Two months. Two months she'd been trapped in this house. It felt like a lifetime.

Hermione was by everyday like clockwork. How she managed to sneak by Ron, Holli didn't know, though she had her suspicions and she didn't approve. How Hermione could continually lie to the man she claimed to love was something she would never understand.

Love. Remus. God, it hurt.

Her mind was in a flat whirlwind spin and she couldn't control it on her best days. Her thoughts were constantly drifting back to various points of the past year; back to that night. Harry said that Remus did love her; said he was just confused and protecting her. Her mind, though, it was beginning to reject the idea.

How could he? That's what she wanted to know. How could he - Why would he ever love her? There was nothing special about her, especially compared to other women she knew he had known throughout his life. She was worse even; a coward hidden away in a safe house while the others fought and died. Such a horrible coward -

God, it was loud...

Hermione brought food and clothes and reading material; various things to keep her occupied. Not that it did much good. Holli spent her days staring at four walls; different four walls at times, but still the same. It was always the same, day after day, night after night. Same house, same walls, same furniture, same person, same mask; always the same.

She feared she was going mad.

Hermione promised it wouldn't last long. She promised Holli she'd find a way to get her out; take her home. Some way, somehow, she would. But when?

So very loud; can't concentrate.

Remain as Lea, she had said. It's your most vital protection. You never know when someone will break past the wards and charms and get through. You never know when someone will see you. Keep your mask; keep your disguise. Stay safe and you'll go home.

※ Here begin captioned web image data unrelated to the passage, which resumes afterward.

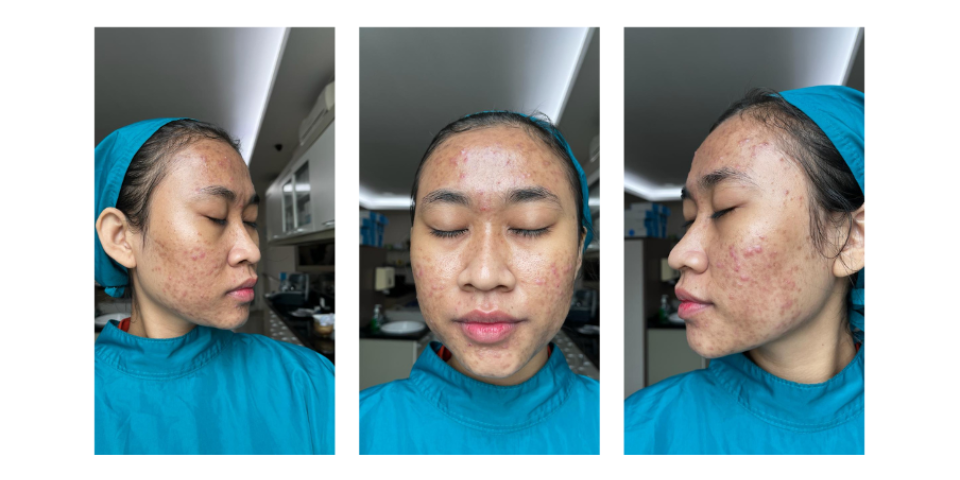 ‘tak-keluar-rumah-dan-nangis-tiap-malam’-cerita-acne-fighter-susah-payah-bangun-percaya-diri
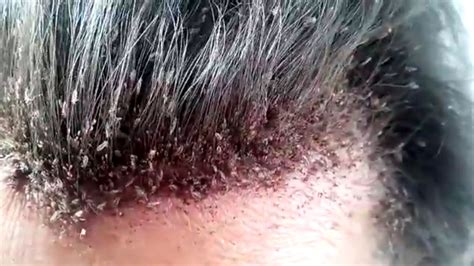 This video of a man's disgusting head lice infestation will make your skin crawl - Irish Mirror ...
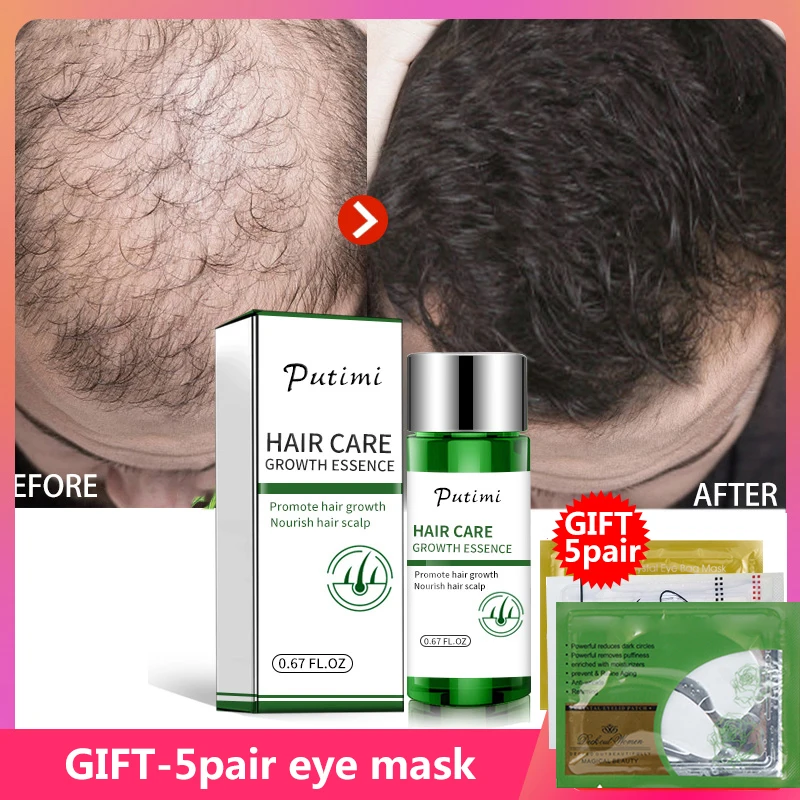 Putimi-20ml-Hair-Growth-Serum-Ginger-Essence-Beard-Hair-Growth-Serum-Anti-Hair-Loss-Product-for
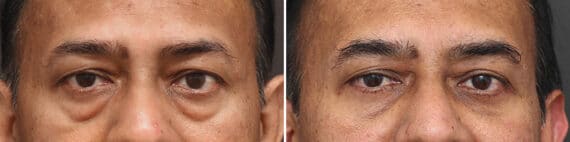 Lower Eyelid Surgery Before and After Photos in Princeton, NJ, Patient 10864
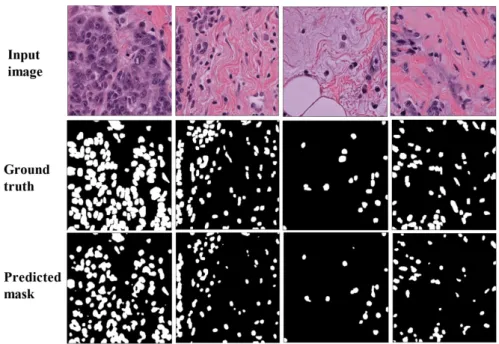 Fig. 6. Qualitative output results of Unet++ with EfficientNet-B1 as the backbone on the TNBC dataset.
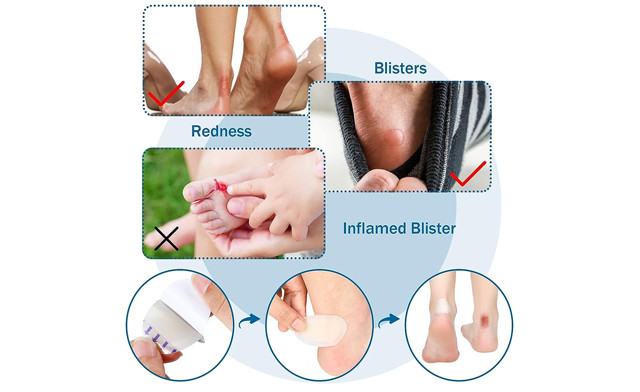 Image of $22.95 for Heel Blister Bandages - 50 Pcs (a $50 Value)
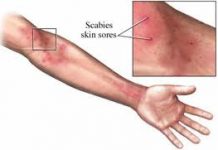 Escabiosis o Sarna sarna
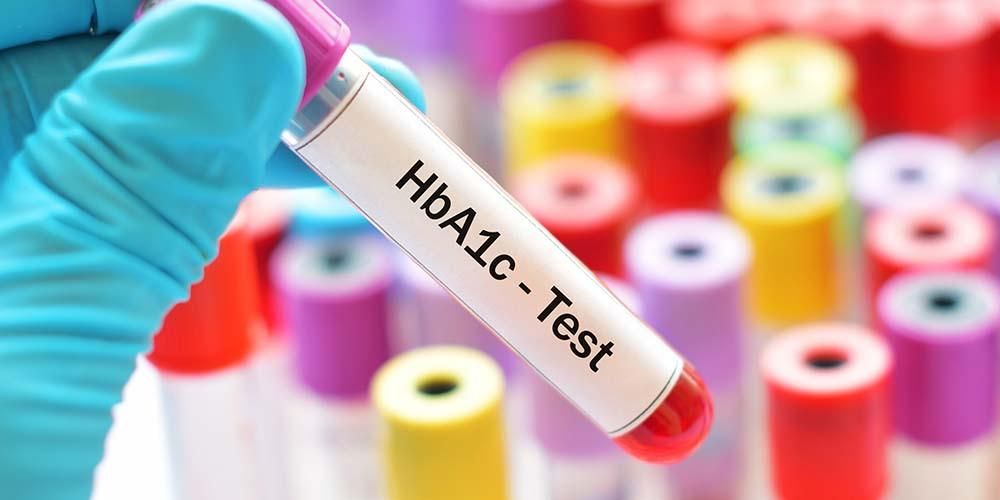 Що таке нормальний рівень HbA1C?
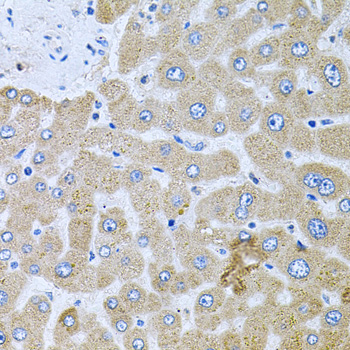 Anti-POMGNT1 Polyclonal Antibody (CAB9879)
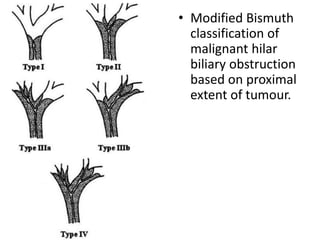 • Modified Bismuth 
classification of 
malignant hilar 
biliary obstruction 
based on proximal 
extent of tumour. 
 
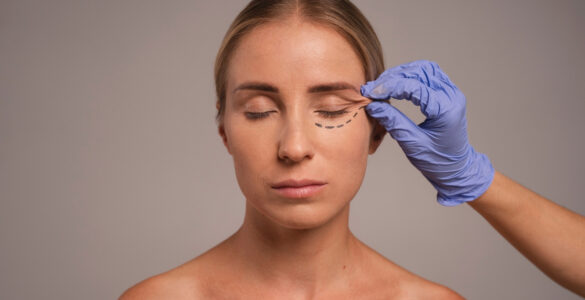 Cirurgia plástica ocular vai além da estética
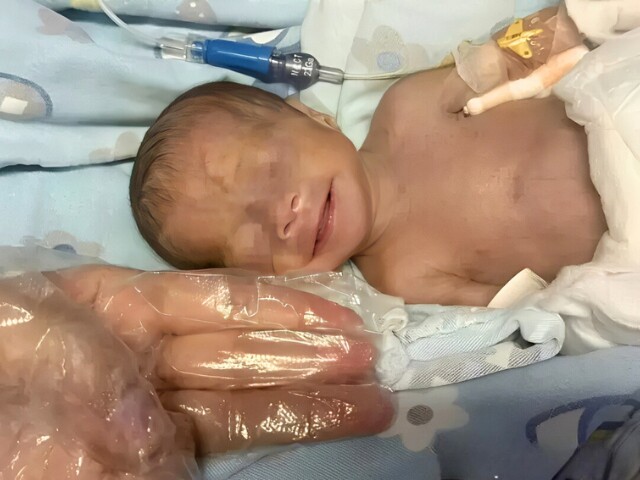 Em bé trải qua 128 ngày giành lại sự sống, gặp nhiều vấn đề sức khỏe.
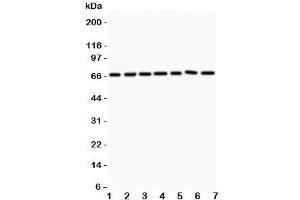Western blot testing of ANG1 antibody and Lane 1:  HeLa;  2: MCF-7;  3: COLO320;  4: A549;  5: HEPG2;  6: 293T;  7: SW620. (Angiopoietin 1 抗体  (AA 16-350))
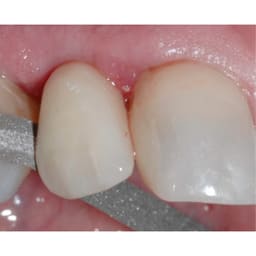 Tor Vm Metal Diamond Strips - 6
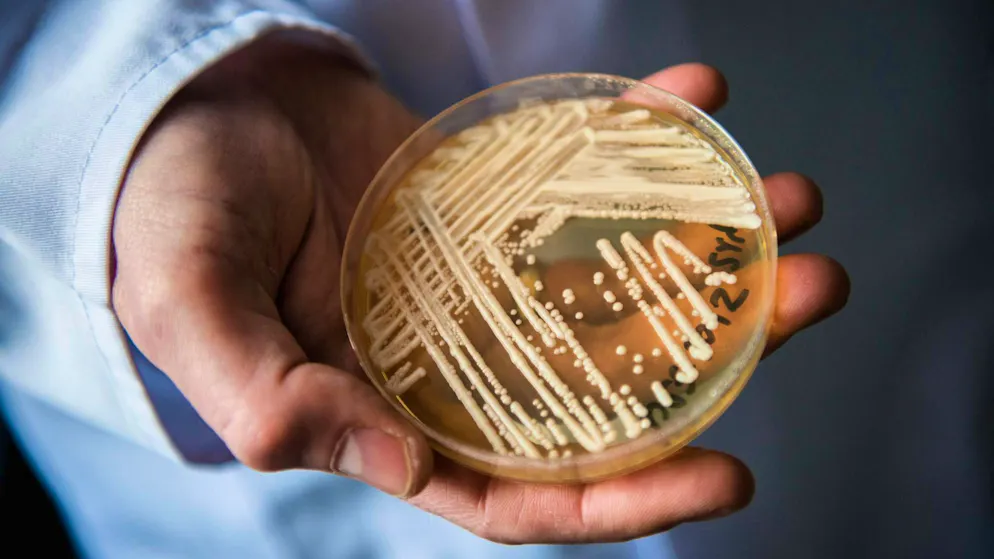 A petri dish with the yeast Candida auris. A new fungus has now been discovered in China.
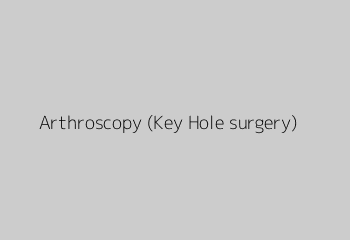 Arthroscopy (Key Hole surgery)
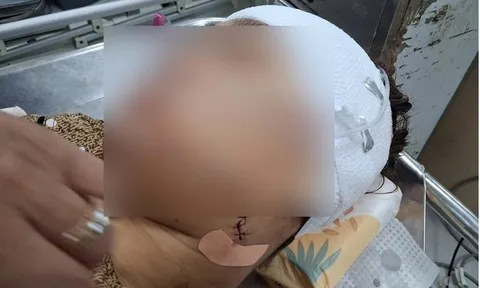 Điều tra vụ nữ công chức rạch mặt bạn gái của chồng gây thương tích nặng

When? When would that be? That's all she wanted to know! Hadn't it been long enough yet? Couldn't she just go; break free? Run until her legs gave out and her lungs burst from too much fresh air; free air. She was there, on the edge of the boundary. One step and she'd be free. Just one, small step and she could fly...

"Lea?" Hermione called softly from the kitchen door.

Holli started and tensed as she took two large steps backwards.

How could she have forgotten? Birds with clipped wings couldn't fly...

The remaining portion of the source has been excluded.